Saved data entries

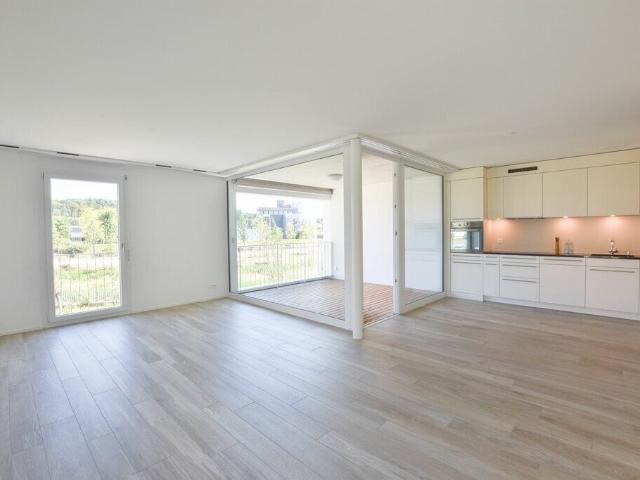 Appartement fantastique avec vue sur le Schüssinsel de Bienne | dreamo. Ch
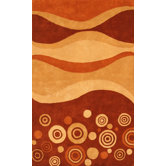 Eleen Multi Rust Rug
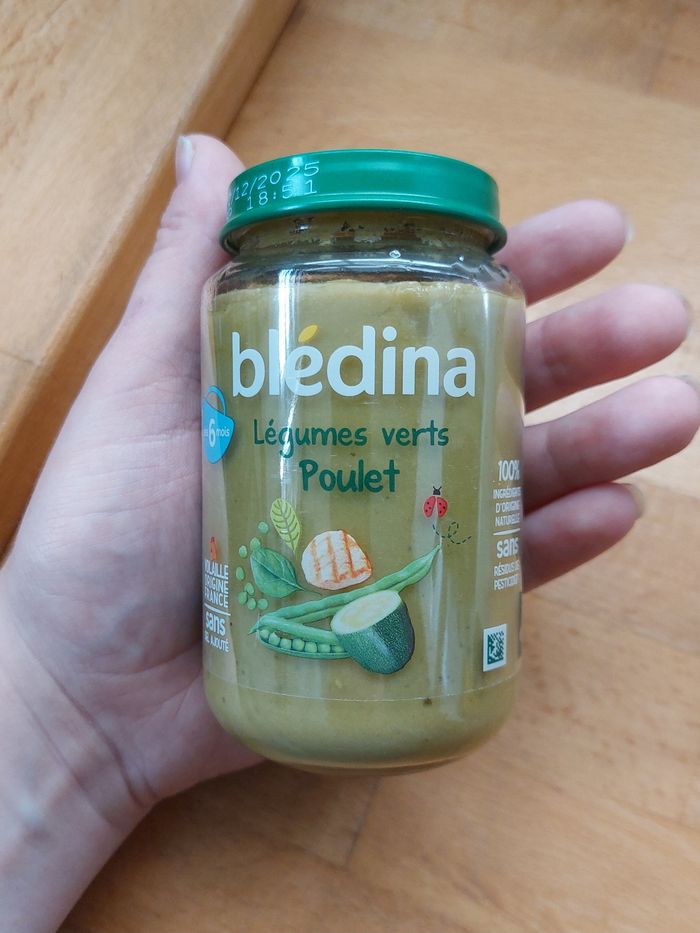 Pot, Légumes verts Poulet,
Blédina, 200g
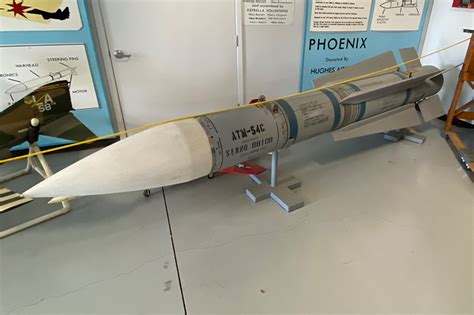 AIM-54 Phoenix Missile Guidance System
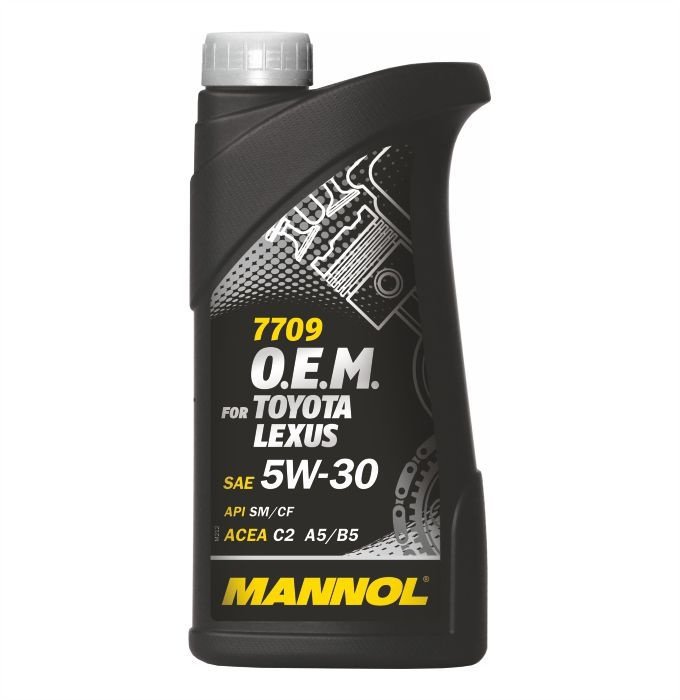Масло моторное MANNOL 7709 O.E.M. for Toyota Lexus 5W30 синтетическое 1л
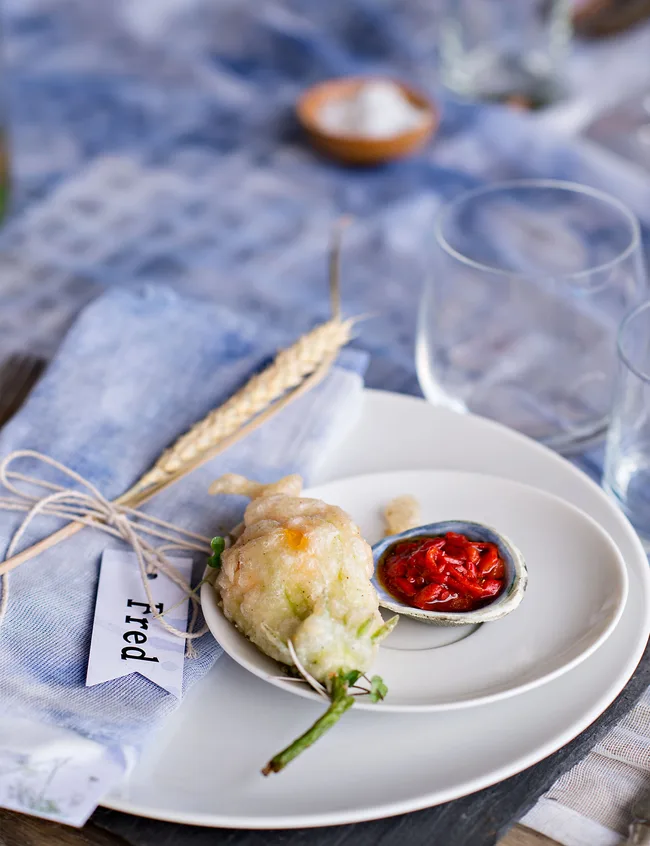 Place setting inspiration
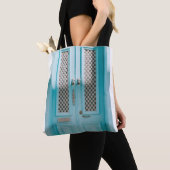 CLOSED TEAL FRENCH DOORS TASCHE (Von Nahem)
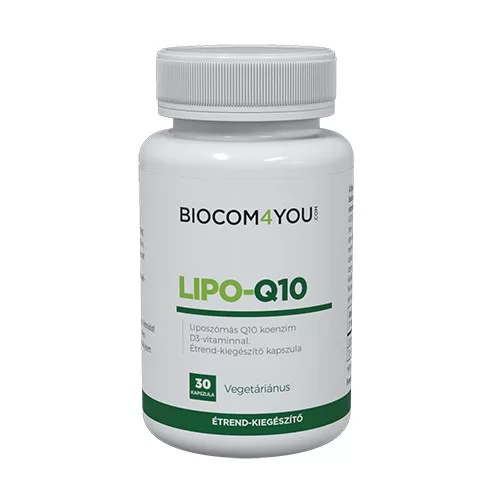 Biocom Liposzómás Q10 koenzim D3-vitaminnal 2000 NE - Bio és natúr étrendkiegészítők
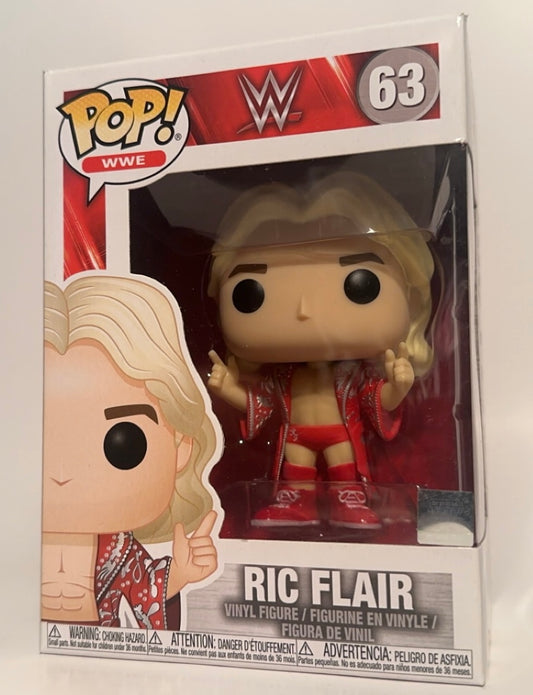 WWE - Ric Flair 63 Funko Pop!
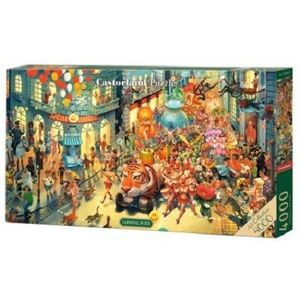 Puzzle - Art Collection - Carnaval in Rio - 4000 piese | Castorland imagine
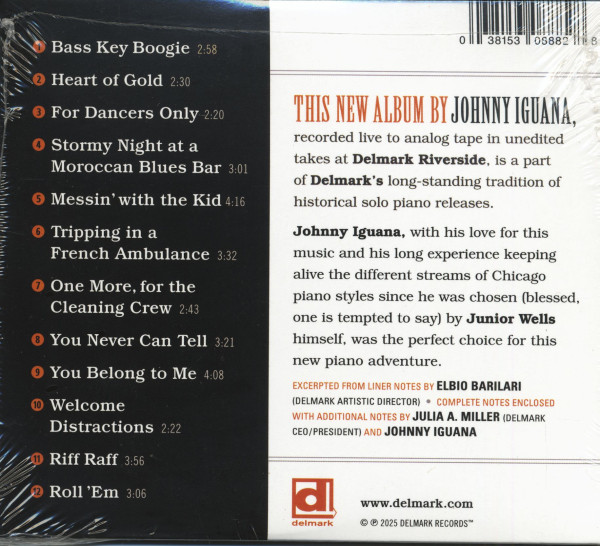 At Delmark (CD)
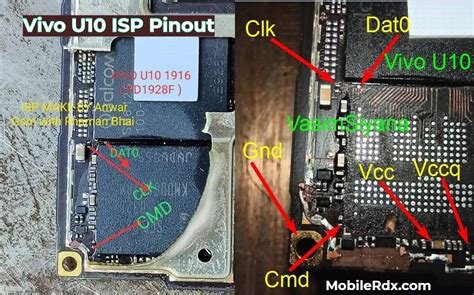 Vivo U10 Isp Pinout For Remove User Lock And Bypass Frp Porn Sex Picture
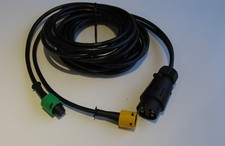 ERDE DAXARA Quick Fit Wiring Loom 6 m to Fit Erde 102 Daxara 107 Car Trailers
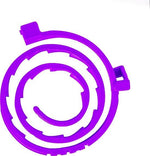 borvat IBBO® - Vlooienband kat - Verstelbaar - 8 maanden bescherming - Vlooienband - Natuurlijk - Tekenband - Anti vlooien - 38cm - Fit all sizes - Vlooienbandjes kat - Vlooien - Paars -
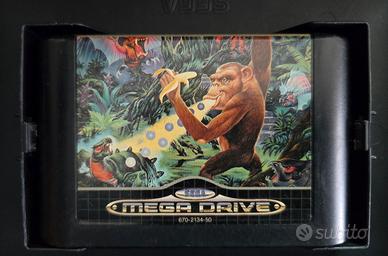 Toki MEGA DRIVE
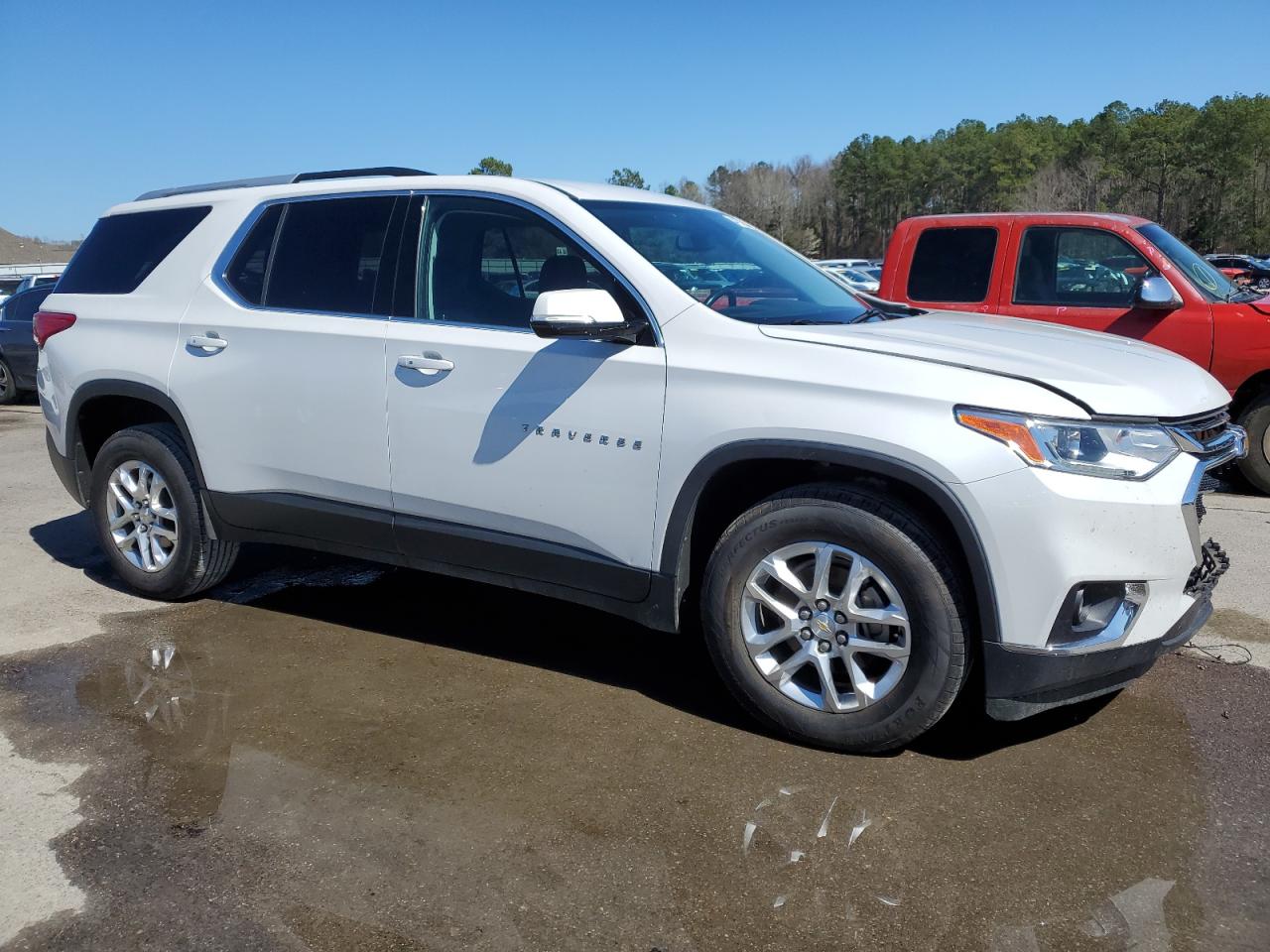 1GNERGKW3JJ220466 CHEVROLET TRAVERSE 2018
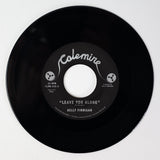 Kelly Finnigan // Leave You Alone / Thom's Hartbreak 7" [BLACK/COLOR]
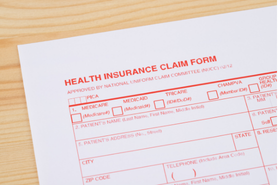 Health insurance claim forms
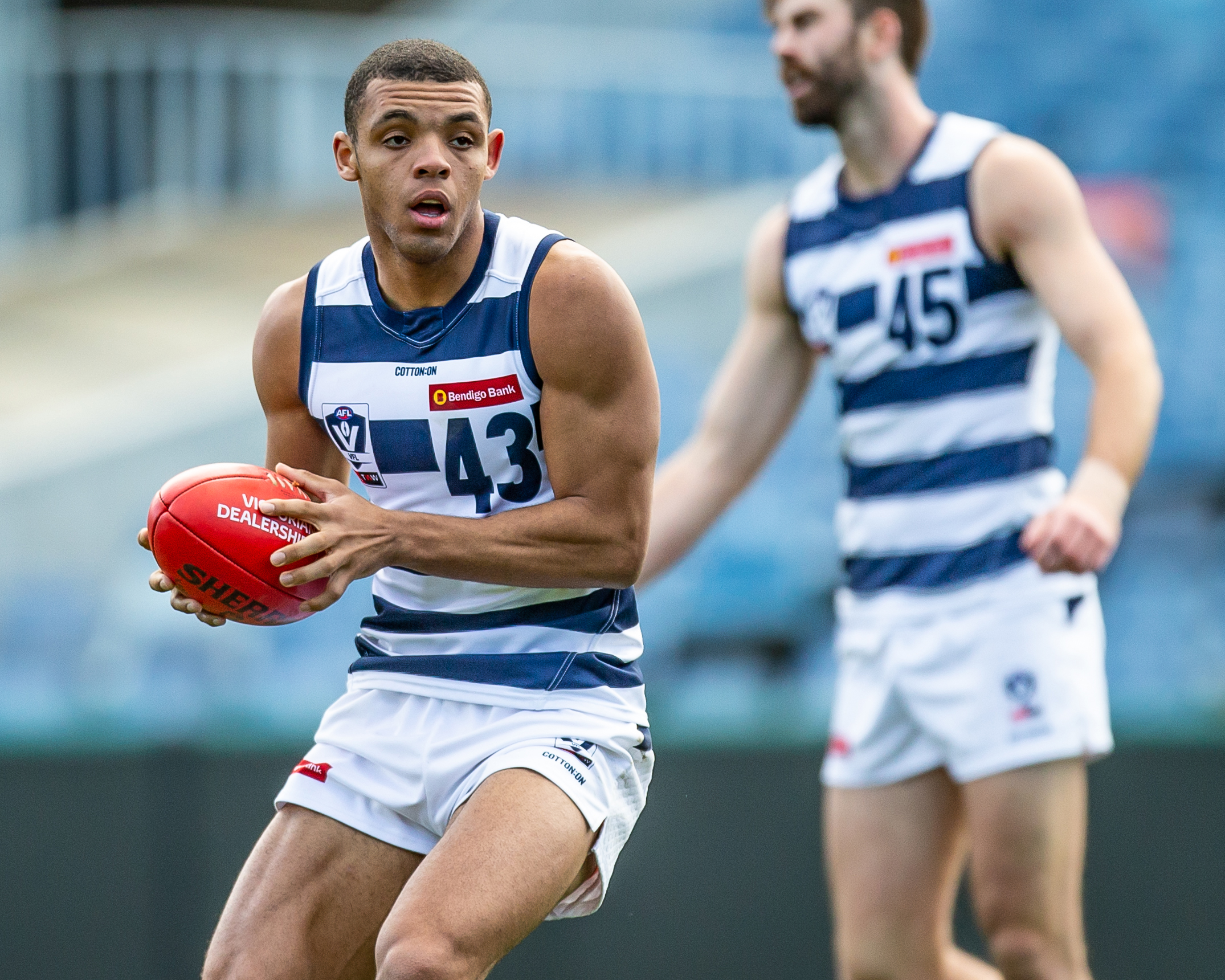 AFL recruit Stefan Okunbor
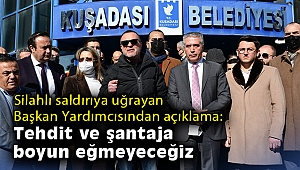 Başkan Yardımcısı Turan’dan açıklama: Tehdit ve şantaja boyun eğmeyeceğiz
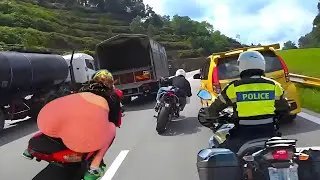 Craziest Off-Road Police Chases Caught on Camera #64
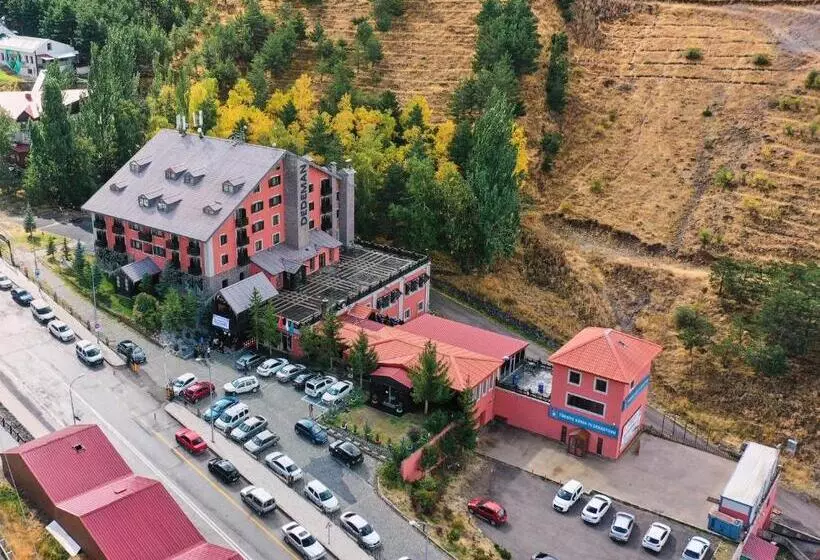 هتل Dedeman Palandoken Ski Lodge
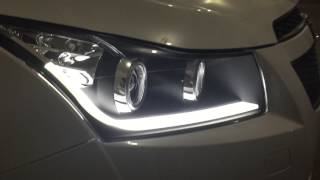 Farol Projetor Chevrolet Cruze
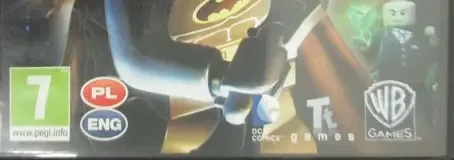 LEGO Batman 2: DC Super Heroes, the PEGI square on its front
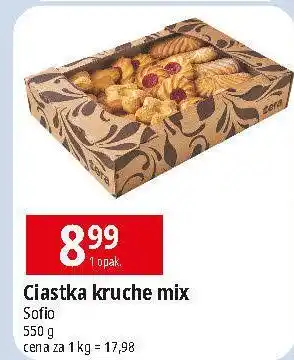 E.Leclerc Ciastka kruche mix Sofio oferta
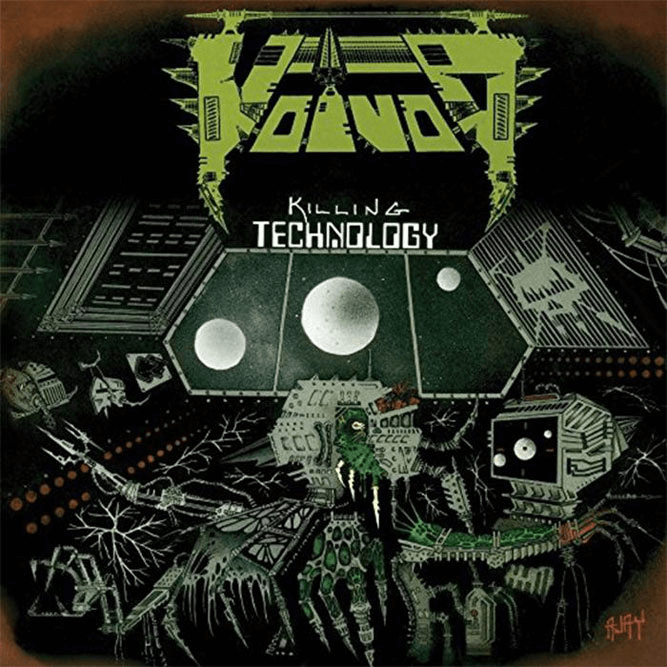 Voïvod - Killing Technology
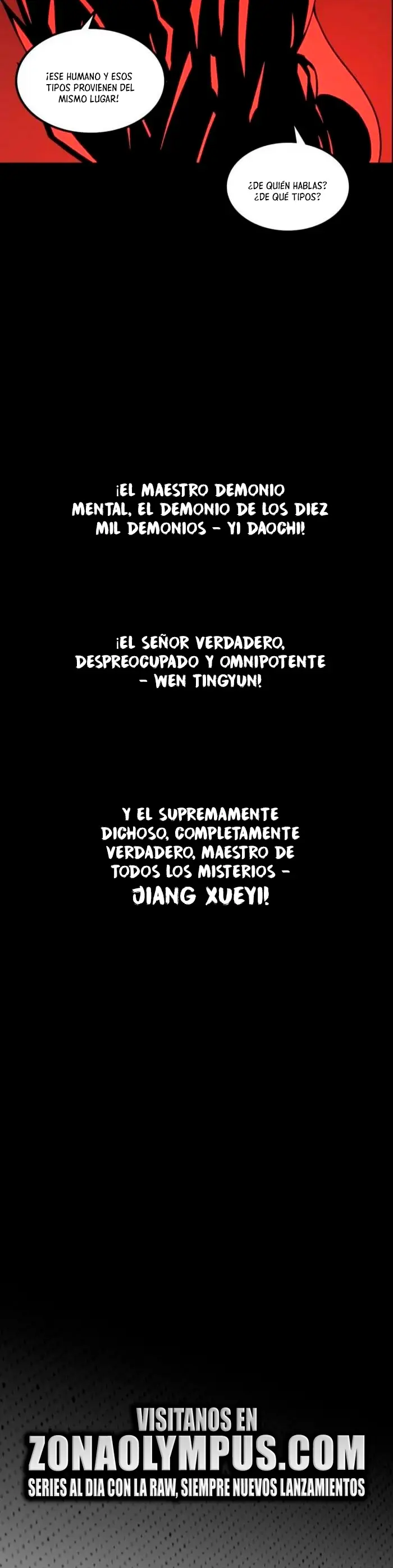 Soy un Dios Maligno capítulo 547, página 20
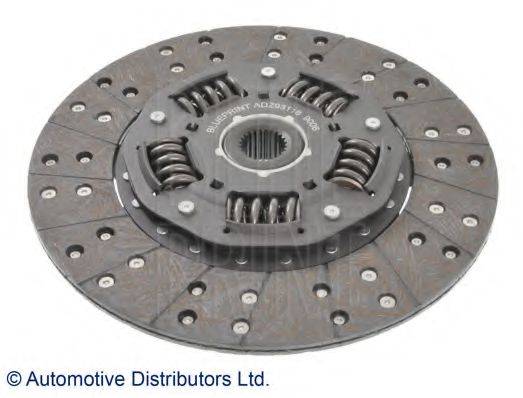 BLUE PRINT ADZ93118 диск зчеплення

REQUIRED ACTION
Print only the lines from the first line of the data above through the one containing "Voïvod - Killing Technology", exactly as they are, with pictures omitted.

EXERCISE RESULT
 Appartement fantastique avec vue sur le Schüssinsel de Bienne | dreamo. Ch
 Eleen Multi Rust Rug
 Pot, Légumes verts Poulet,
Blédina, 200g
 AIM-54 Phoenix Missile Guidance System
Масло моторное MANNOL 7709 O.E.M. for Toyota Lexus 5W30 синтетическое 1л
 Place setting inspiration
 CLOSED TEAL FRENCH DOORS TASCHE (Von Nahem)
 Biocom Liposzómás Q10 koenzim D3-vitaminnal 2000 NE - Bio és natúr étrendkiegészítők
 WWE - Ric Flair 63 Funko Pop!
 Puzzle - Art Collection - Carnaval in Rio - 4000 piese | Castorland imagine
 At Delmark (CD)
 Vivo U10 Isp Pinout For Remove User Lock And Bypass Frp Porn Sex Picture
 ERDE DAXARA Quick Fit Wiring Loom 6 m to Fit Erde 102 Daxara 107 Car Trailers
 borvat IBBO® - Vlooienband kat - Verstelbaar - 8 maanden bescherming - Vlooienband - Natuurlijk - Tekenband - Anti vlooien - 38cm - Fit all sizes - Vlooienbandjes kat - Vlooien - Paars -
 Toki MEGA DRIVE
 1GNERGKW3JJ220466 CHEVROLET TRAVERSE 2018
 Kelly Finnigan // Leave You Alone / Thom's Hartbreak 7" [BLACK/COLOR]
 Health insurance claim forms
 AFL recruit Stefan Okunbor
 Başkan Yardımcısı Turan’dan açıklama: Tehdit ve şantaja boyun eğmeyeceğiz
 Craziest Off-Road Police Chases Caught on Camera #64
 هتل Dedeman Palandoken Ski Lodge
 Farol Projetor Chevrolet Cruze
 LEGO Batman 2: DC Super Heroes, the PEGI square on its front
 E.Leclerc Ciastka kruche mix Sofio oferta
 Voïvod - Killing Technology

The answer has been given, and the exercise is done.